EXERCISE BRIEF – Everything from the line containing "Wellis Zuhanytálca szögletes, lapos" to the end of the listing is to be set down exactly, both ends included, and nothing before it.

THE INPUT –
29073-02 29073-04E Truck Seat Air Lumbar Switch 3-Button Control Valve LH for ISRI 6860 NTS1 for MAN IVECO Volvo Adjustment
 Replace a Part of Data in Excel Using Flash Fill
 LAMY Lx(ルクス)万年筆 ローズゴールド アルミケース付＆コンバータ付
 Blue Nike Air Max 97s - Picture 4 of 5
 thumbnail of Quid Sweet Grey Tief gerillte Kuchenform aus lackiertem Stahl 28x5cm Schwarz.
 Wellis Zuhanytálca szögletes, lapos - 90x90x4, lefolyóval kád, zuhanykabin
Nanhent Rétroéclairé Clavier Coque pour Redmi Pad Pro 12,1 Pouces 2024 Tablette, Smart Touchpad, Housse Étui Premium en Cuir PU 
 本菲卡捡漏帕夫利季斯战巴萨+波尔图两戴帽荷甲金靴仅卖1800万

YOUR SOLUTION –
 Wellis Zuhanytálca szögletes, lapos - 90x90x4, lefolyóval kád, zuhanykabin
Nanhent Rétroéclairé Clavier Coque pour Redmi Pad Pro 12,1 Pouces 2024 Tablette, Smart Touchpad, Housse Étui Premium en Cuir PU 
 本菲卡捡漏帕夫利季斯战巴萨+波尔图两戴帽荷甲金靴仅卖1800万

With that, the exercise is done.